Whenever I visited Antonietta , she served me chilled red wine out of recycled Fiuggi water bottles. Giovanni made the wine with the Aglianico grapes that grew in front of their house. They had a wine stockpile in their cellar which Peppe and I nearly single handedly cleared out that summer.
It was easy to like Antonietta. She held my hand with the unassuming affection that often comes so naturally to Italian grandmothers. All the while she poured us wine and fed us tablets of dark chocolate that her brother brought back from Switzerland in circa 1989. I suspected that it was her special occasion chocolate.
Antonietta served that special occasion chocolate a lot that summer. Mostly whenever Peppe and I visited. In the last week of August, an American friend visited me in Agerola. I am pretty sure this was the first time Antonietta had ever seen a black person. She kept patting my friend on the head and saying in dialect, “you’re a beautiful black lady--una bella guagliona nera.” I can’t imagine what Antonietta would have said had I introduced her to my homosexual friends the following summer at my wedding. Probably she would have just given them chocolate and called them beautiful gay boys.

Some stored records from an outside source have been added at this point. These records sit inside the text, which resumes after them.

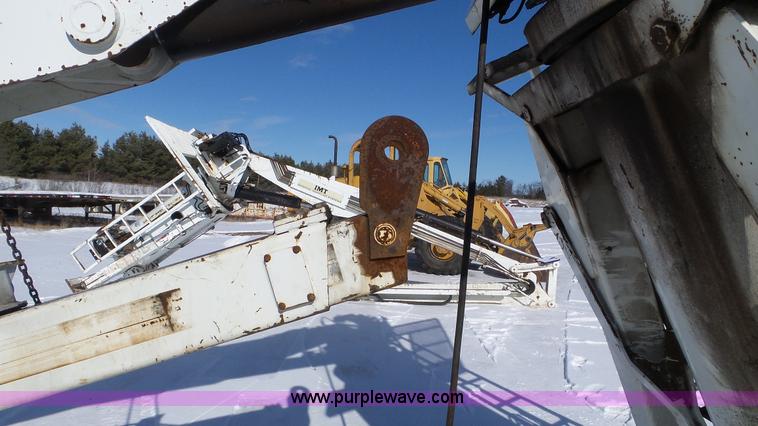 image for item K4577 2000 IMT 16000 Series II crane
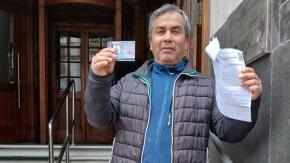 Recuperó su identidad: Hombre que fue declarado muerto por error y tenía una lápida obtuvo su nueva cédula y Clave Única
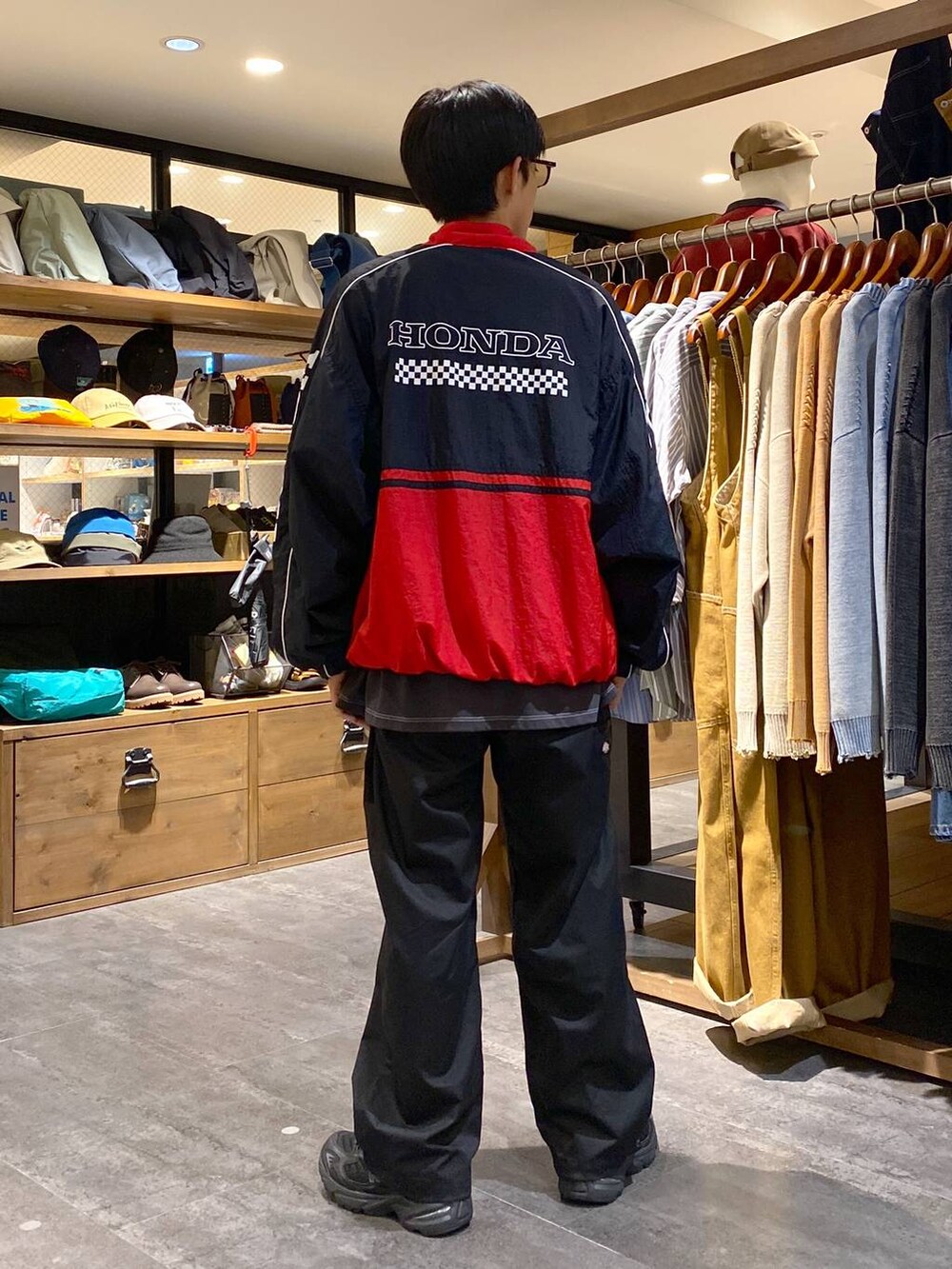 「低身長、ストリート、カジュアル、きれいめ、ブルゾン、Tシャツ、秋コーデ、モード、サングラス」|「niko and...の【New Balance(ニューバランス)】ML725(スニーカー、ブラック系)」を使った、Kou_saitohさん(メンズ・166cm)の夏コーディネートの2枚目の写真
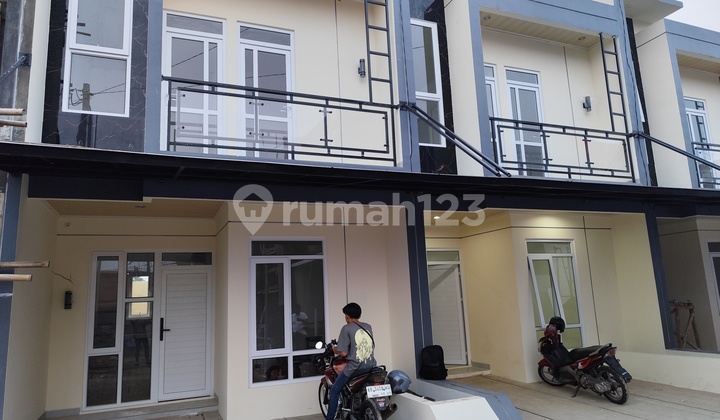 Rumah 2 Lantai Di Pesanggrahan Jakarta Selatan 1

At the end of the summer, Peppe and I left Agerola to return to his home in Grenoble. We paid Antonietta a visit on a farewell tour of Agerola. Our goodbye was unremarkable. We played briscola. Antonietta gave us a bottle of wine, a sopressatta, some grapes and a rosary blessed in Lourdes and told us to go with the Madonna.
Six months later we were back in Agerola for Easter. Peppe and I were making our traditional salutary rounds when we arrived to a crowd at Antonietta’s house.
“Permesso,” we shouted before opening the heavy wood door.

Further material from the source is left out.